The two named plaintiffs in this case are O.S.T. and L.H. O.S.T. was six years old at the time this law suit commenced. When he was just six months old, he began having difficulties feeding and was diagnosed with a feeding disorder. Problems with O.S.T.'s health worsened as he got older. “He went from having normal language development to nearly no language at all.” By his third birthday, therapists believed that O.S.T. was autistic. Between 2006 and 2008 he received speech, physical, and occupational therapy from Boyer Children's Clinic.1 After leaving the Boyer Children's Clinic, he continued to receive neurodevelopmental therapies from Children's Communication Corner; the Hearing, Speech and Deafness Center; and Seattle Children's Hospital. In 2009, the autism diagnosis was confirmed following an evaluation with Seattle Children's Hospital.
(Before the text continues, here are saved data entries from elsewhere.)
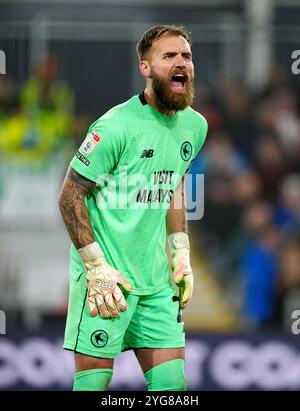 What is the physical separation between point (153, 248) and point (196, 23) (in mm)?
5647

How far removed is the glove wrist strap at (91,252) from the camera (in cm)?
627

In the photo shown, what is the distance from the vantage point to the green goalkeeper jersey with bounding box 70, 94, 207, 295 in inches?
251

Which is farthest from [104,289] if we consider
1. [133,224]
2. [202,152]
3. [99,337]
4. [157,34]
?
[202,152]

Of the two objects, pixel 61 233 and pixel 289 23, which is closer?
pixel 61 233

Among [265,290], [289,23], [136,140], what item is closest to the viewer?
[136,140]

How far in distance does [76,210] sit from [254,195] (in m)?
5.65

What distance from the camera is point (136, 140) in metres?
6.38

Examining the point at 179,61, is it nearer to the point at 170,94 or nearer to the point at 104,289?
the point at 170,94

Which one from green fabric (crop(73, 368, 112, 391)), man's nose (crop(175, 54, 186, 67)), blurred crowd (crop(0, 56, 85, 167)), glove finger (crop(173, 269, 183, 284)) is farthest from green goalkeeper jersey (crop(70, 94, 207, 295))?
blurred crowd (crop(0, 56, 85, 167))

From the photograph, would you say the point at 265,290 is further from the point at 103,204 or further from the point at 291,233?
the point at 103,204

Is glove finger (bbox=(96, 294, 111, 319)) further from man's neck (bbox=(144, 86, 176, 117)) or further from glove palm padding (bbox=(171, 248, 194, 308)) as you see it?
man's neck (bbox=(144, 86, 176, 117))

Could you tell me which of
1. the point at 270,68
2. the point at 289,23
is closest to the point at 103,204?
the point at 270,68

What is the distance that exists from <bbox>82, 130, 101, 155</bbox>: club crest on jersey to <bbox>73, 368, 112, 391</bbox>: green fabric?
1.18 metres

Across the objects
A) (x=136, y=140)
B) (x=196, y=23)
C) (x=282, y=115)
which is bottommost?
(x=136, y=140) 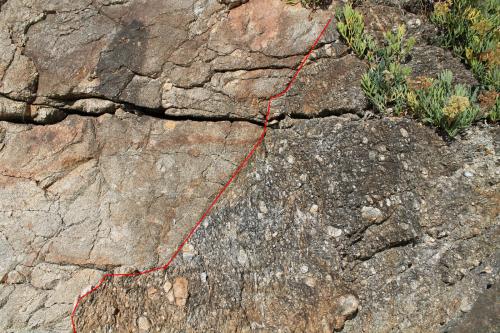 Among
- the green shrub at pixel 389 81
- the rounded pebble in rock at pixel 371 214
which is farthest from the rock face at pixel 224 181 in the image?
the green shrub at pixel 389 81

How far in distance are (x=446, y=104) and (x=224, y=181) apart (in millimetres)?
1950

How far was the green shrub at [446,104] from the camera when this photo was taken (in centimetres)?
359

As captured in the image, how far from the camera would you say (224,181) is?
3992mm

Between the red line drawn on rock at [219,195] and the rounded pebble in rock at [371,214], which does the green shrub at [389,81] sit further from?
the rounded pebble in rock at [371,214]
The second named plaintiff, L.H., was two years old when this suit began. He is diagnosed with expressive language disorder, myotubular myopathy, profound hypotonia, and severe hydrocephalus. He receives speech, occupational, and physical therapy from Boyer Children's Clinic.
Both plaintiffs either are or have been insured under health policies issued by Regence BlueShield that contain blanket exclusions for neurodevelopmental therapies. Regence BlueShield did not cover O.S.T.'s therapies, so O.S.T.'s parents paid for the services. It is unclear whether Regence BlueShield denied any of L.H.'s claims.
The plaintiffs filed a class-action complaint, alleging breach of contract; declaratory relief; violation of the Washington Consumer Protection Act, chapter 19.86 RCW; and seeking injunctive relief. Judge Erlick granted partial summary judgment to the plaintiffs on December 12, 2012. He held that “any provisions contained in Regence BlueShield policies issued and delivered to Plaintiffs O.S.T. and L.H. on or after January 1, 2008[2 ] that exclude coverage of neurodevelopmental therapies regardless of medical necessity are declared invalid, void and unenforceable by Defendant and its agents .” He further certified the order for interlocutory review under RAP 2.3(b)(4). The Court of Appeals granted discretionary review, and we accepted transfer.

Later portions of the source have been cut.